Real Estate Calculator
Analyze a rental property investment: monthly cash flow, capitalization rate, cash-on-cash return and total ROI including appreciation.
How to use the Real Estate Calculator
- Enter your inputs into the Real Estate Calculator above.
- Results update instantly as you type — no submit button needed.
- Adjust any value to see how the result changes in real time.
The key real estate metrics
Cap rate = NOI / Property price · · · Cash-on-cash = Annual cash flow / Cash invested · · · NOI = Rent − operating expenses (excludes mortgage)
Cap rate measures the property's yield without leverage. Cash-on-cash measures the return on actual cash invested (down payment + closing). Total ROI also includes principal paydown and appreciation.
Worked example
$300,000 property with $36,000 annual rent and $12,000 in operating expenses: NOI = $24,000; cap rate = 8.0%. With $75,000 down and a mortgage causing $5,000/year cash flow after debt service, cash-on-cash = 6.7%.

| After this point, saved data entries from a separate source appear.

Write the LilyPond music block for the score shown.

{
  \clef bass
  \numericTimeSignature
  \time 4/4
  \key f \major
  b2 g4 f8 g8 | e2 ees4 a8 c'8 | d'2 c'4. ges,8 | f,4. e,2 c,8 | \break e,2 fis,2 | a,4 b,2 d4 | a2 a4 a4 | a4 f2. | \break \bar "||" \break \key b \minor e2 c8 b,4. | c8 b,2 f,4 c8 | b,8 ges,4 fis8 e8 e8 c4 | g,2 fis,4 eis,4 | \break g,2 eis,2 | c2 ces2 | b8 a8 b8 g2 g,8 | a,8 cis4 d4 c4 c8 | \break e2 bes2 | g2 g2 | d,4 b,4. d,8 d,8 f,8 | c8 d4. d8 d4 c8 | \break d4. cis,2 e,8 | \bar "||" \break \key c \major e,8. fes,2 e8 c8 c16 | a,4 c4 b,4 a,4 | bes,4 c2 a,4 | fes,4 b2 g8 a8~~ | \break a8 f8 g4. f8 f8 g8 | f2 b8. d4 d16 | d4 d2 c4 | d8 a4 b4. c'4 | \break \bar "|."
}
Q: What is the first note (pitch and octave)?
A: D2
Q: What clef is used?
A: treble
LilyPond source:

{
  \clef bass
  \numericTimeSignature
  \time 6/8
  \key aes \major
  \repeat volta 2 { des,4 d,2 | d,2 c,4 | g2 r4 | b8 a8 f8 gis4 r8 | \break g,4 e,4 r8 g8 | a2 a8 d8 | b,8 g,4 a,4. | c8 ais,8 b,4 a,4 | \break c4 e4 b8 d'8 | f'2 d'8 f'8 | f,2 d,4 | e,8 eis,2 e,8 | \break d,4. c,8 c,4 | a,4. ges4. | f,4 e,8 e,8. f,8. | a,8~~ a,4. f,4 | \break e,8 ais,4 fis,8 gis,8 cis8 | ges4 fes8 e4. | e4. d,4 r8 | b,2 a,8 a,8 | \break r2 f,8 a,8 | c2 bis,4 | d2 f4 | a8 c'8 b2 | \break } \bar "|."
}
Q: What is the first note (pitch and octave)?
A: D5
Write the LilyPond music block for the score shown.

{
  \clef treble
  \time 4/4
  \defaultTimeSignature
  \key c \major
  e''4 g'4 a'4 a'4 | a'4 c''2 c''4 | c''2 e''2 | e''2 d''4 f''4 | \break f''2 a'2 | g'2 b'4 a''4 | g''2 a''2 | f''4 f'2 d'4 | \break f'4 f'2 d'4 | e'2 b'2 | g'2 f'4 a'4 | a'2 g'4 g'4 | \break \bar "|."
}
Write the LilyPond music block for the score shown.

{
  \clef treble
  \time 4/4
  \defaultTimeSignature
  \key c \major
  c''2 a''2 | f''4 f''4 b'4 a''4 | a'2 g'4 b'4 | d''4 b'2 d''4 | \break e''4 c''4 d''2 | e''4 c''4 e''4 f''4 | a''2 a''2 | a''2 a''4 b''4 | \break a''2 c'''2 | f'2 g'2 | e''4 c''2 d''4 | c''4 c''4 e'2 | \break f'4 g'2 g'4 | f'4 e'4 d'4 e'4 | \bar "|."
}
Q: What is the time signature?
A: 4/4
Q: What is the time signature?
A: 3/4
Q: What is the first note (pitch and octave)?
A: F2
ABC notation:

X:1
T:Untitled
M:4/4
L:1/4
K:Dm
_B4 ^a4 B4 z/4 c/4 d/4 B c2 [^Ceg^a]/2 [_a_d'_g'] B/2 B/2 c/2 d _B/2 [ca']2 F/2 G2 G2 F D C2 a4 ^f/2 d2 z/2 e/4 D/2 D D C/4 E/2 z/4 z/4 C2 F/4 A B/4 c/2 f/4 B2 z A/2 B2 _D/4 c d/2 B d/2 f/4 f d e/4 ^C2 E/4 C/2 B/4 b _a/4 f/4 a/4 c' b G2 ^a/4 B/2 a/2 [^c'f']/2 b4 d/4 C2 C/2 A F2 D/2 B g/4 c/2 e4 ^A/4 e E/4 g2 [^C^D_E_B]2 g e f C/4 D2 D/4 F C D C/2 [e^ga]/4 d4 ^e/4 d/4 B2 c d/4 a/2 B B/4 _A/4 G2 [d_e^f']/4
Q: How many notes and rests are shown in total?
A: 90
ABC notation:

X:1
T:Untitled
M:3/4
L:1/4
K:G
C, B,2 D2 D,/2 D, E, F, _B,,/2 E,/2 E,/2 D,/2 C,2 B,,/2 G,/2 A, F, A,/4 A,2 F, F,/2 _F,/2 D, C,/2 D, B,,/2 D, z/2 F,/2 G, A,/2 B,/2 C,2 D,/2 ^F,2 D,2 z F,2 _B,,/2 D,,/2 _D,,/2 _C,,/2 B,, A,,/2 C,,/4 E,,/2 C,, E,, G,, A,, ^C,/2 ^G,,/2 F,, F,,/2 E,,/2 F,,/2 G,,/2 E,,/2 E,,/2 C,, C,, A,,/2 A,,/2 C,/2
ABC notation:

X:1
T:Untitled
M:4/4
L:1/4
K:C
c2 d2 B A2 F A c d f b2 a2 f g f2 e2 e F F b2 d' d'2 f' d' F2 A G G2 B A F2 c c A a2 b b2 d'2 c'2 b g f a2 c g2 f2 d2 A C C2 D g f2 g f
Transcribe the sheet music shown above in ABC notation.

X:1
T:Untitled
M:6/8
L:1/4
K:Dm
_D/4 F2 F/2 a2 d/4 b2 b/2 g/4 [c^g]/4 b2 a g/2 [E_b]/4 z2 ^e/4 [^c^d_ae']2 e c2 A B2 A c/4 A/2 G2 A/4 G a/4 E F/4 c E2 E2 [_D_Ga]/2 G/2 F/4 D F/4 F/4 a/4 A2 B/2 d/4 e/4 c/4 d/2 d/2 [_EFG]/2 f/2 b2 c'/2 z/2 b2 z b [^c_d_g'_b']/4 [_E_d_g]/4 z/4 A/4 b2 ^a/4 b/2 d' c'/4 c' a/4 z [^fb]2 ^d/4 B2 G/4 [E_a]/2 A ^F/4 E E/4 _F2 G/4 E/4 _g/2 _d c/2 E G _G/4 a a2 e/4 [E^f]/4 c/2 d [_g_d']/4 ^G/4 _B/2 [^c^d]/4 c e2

Frequently asked questions
What's a good cap rate?
Varies by market. Hot urban areas may price at 4–5% cap; smaller cities or higher-risk neighborhoods 7–10%+. Cap rate inversely correlates with appreciation potential.
Do I need to include vacancy in operating expenses?
Yes — most analysts use a 5–8% vacancy allowance on annual rent. Better to plan for some empty months than to assume 100% occupancy.
What is the 1% rule?
A quick screening rule: monthly rent should be at least 1% of purchase price. A $200,000 property should rent for $2,000+/month. Rarely achievable in hot coastal markets; common in the Midwest.